Just as I began my walk in a labyrinth this afternoon, a lovely breeze swept through. It was a welcome respite in this highly unusual summer’s day that is occurring in autumn.
“This is the breath of God,” I said to myself as the cool air touched my face. Labyrinths tend to have that effect on you; walking them causes you to slow down, ponder and think deep thoughts. They also help you listen to the voice of the Creator. At least this is how it is for me.
In a season of fall corn mazes, a labyrinth is just the opposite. Labyrinths are not intended to scare or confuse. In fact, just the opposite. Labyrinths create calmness and clarity.
A meandering path that leads you to a center and then back out to where you started, labyrinths date back at least 4000 years. They’re often called “sacred geometry,” because creation is built on geometric patterns—and labyrinths are created based on shapes found in nature. Admittedly, labyrinths have their critics because they can be associated with esoteric practices.
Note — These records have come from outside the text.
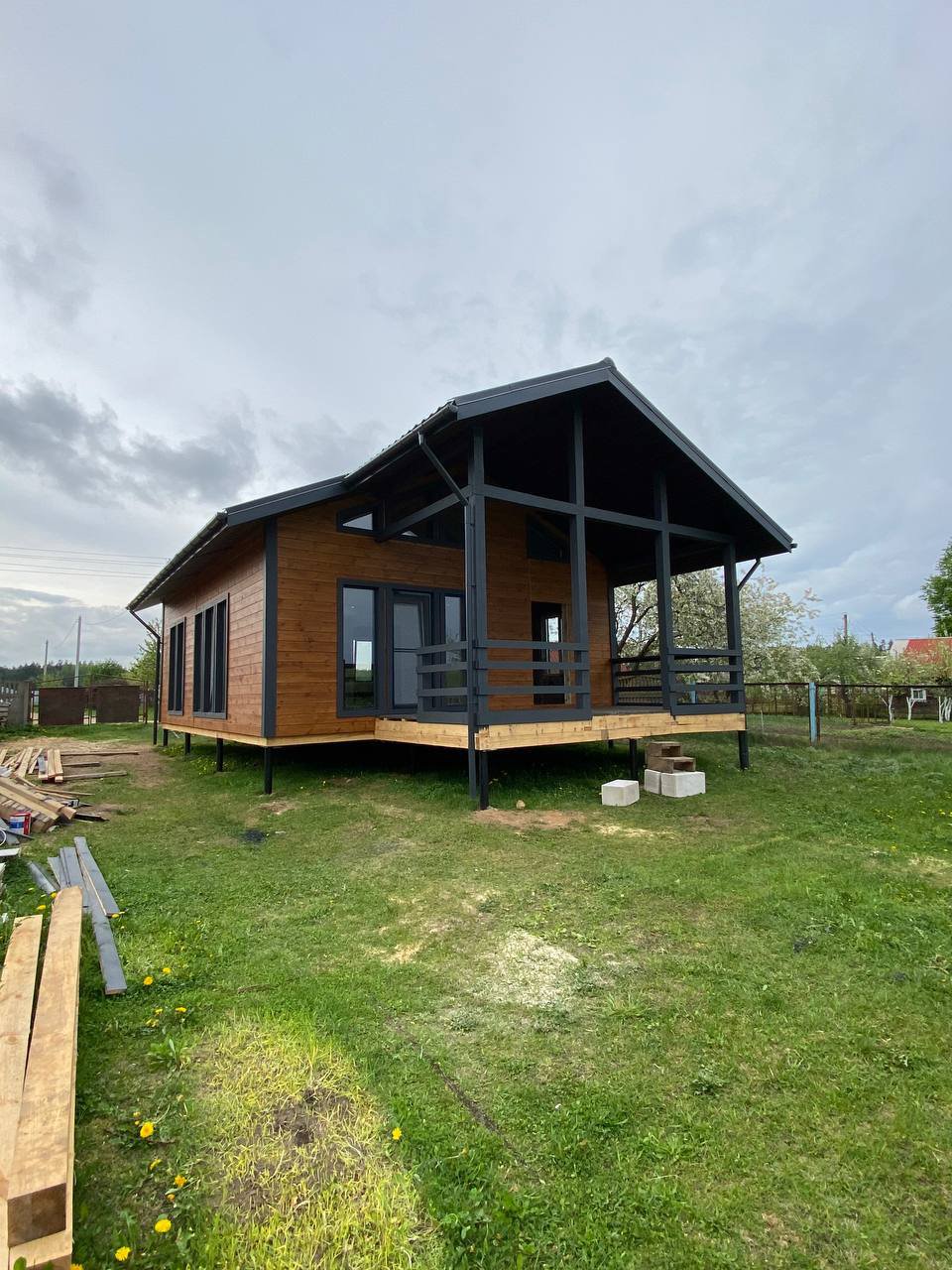 Деревянный каркасный дом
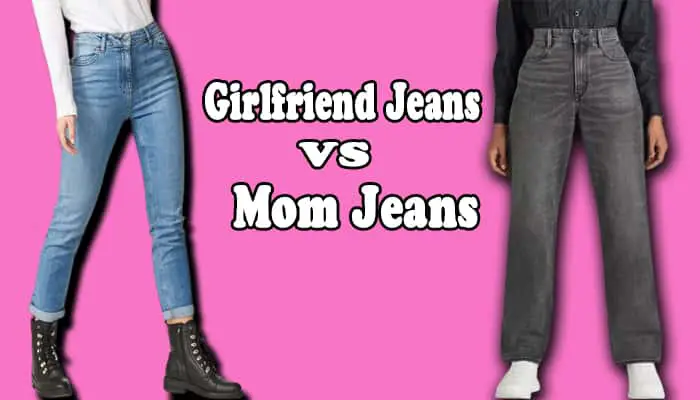 What is the difference between a girlfriend and straight jeans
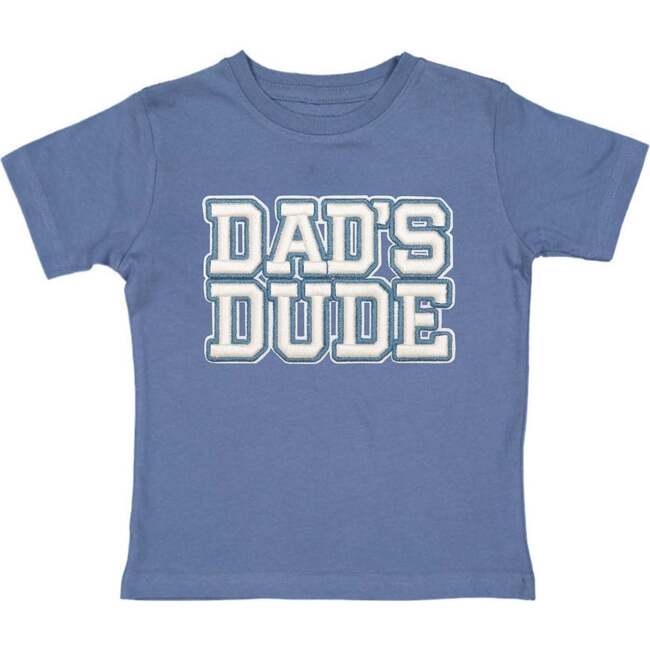 Dad's Dude Patch Short Sleeve T-Shirt, Indigo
However, walking the labyrinth at my local park is for me a time of reflection and prayer. From a practical standpoint, I appreciate being able to think, ponder and pray while I walk—without having to constantly be alert for cars or bicyclists. I simply follow the path laid out before me and focus my attention on the heavenly.
The labyrinth that I visit is a 1000-foot winding walkway. I can be through it in 15 minutes; however, if I stop during my journey to sit on the benches scattered along the pathway, I may be in the labyrinth for an hour.
Walking the labyrinth gives me a little exercise (although a labyrinth is meant for meandering, not power walking), along with some fresh air and sunshine. Afterward, my mind is much clearer, and I am always refreshed from receiving spiritual insight.
In fact, after today’s walk in the labyrinth, I don’t believe I’ll ever experience another breeze without viewing it as the breath of God.